TASK STATEMENT
Among the records that follow, set down only the lines from the one containing "Абразивный круг с" to the one containing "Olli & Molli - Juni 2025", both included, exactly.

ENTRIES PROVIDED
^^^^^^^^^^^^^^^^

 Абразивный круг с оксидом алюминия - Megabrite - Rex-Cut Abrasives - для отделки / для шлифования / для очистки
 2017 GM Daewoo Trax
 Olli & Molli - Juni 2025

^^^^^^^^^^^^^^^^

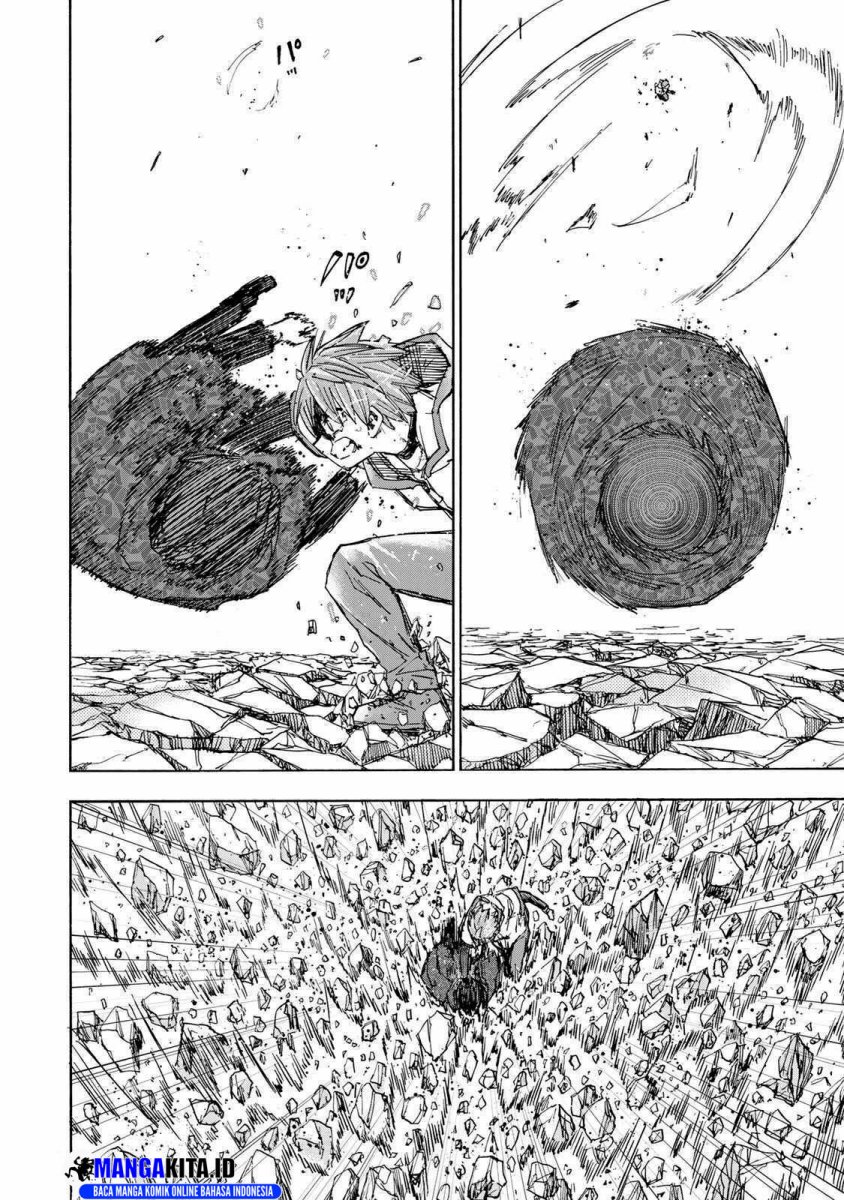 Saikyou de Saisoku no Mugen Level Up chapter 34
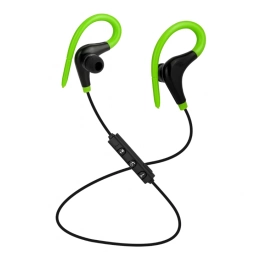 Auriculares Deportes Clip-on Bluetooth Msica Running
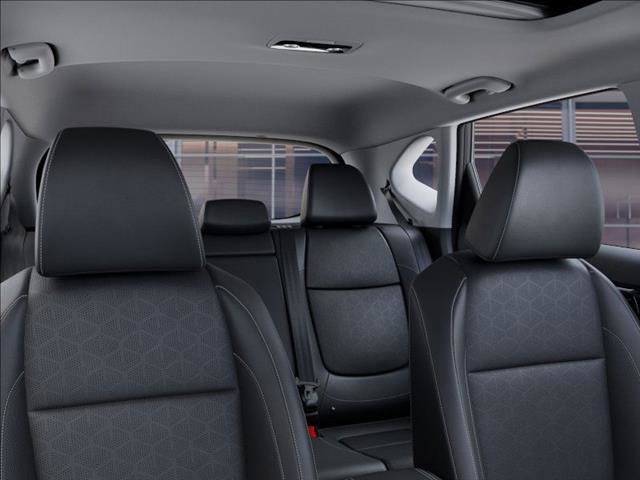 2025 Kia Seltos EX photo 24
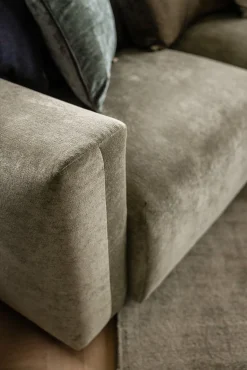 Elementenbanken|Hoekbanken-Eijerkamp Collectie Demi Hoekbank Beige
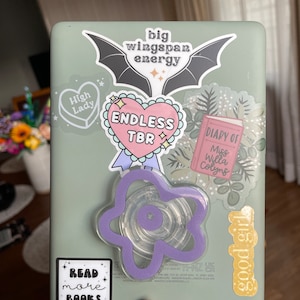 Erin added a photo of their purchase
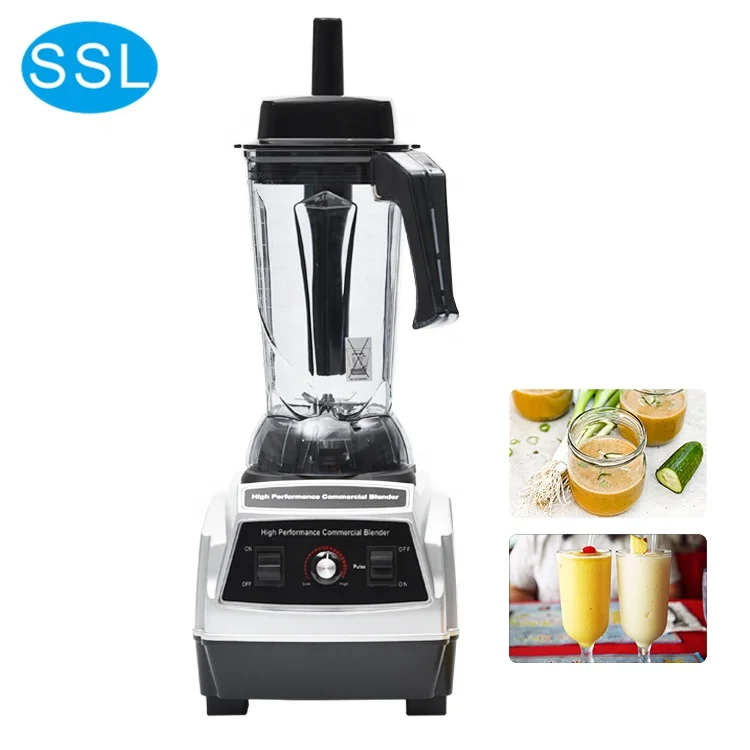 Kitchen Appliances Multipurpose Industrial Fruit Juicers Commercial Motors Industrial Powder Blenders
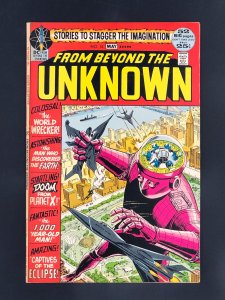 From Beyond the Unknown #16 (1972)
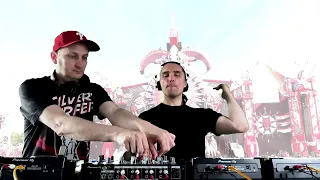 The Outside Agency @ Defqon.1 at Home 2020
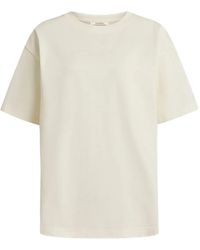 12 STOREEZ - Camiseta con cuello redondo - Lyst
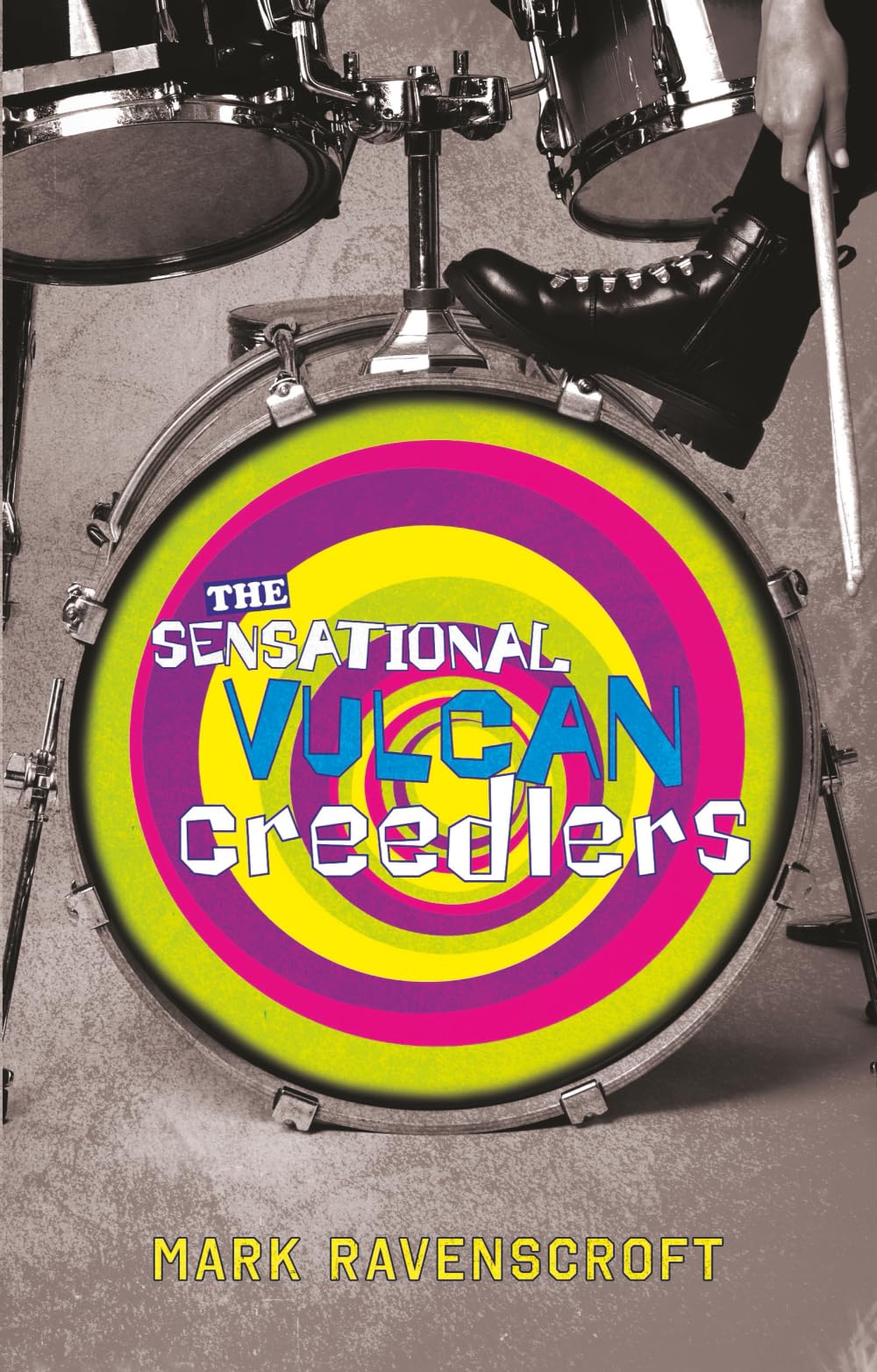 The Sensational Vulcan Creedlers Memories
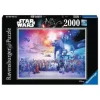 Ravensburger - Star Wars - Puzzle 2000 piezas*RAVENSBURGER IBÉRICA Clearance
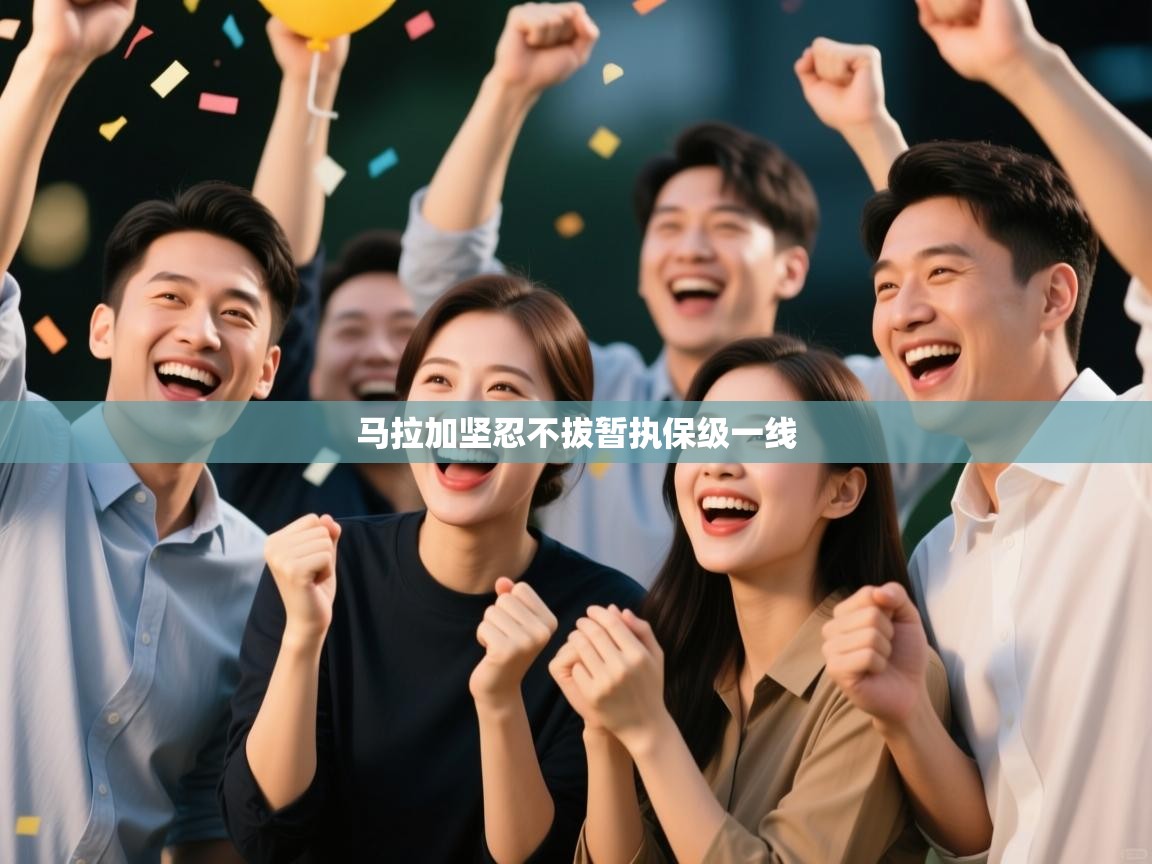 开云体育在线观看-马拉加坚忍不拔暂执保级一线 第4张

^^^^^^^^^^^^^^^^

RESPONSE TO THIS EXERCISE
 Абразивный круг с оксидом алюминия - Megabrite - Rex-Cut Abrasives - для отделки / для шлифования / для очистки
 2017 GM Daewoo Trax
 Olli & Molli - Juni 2025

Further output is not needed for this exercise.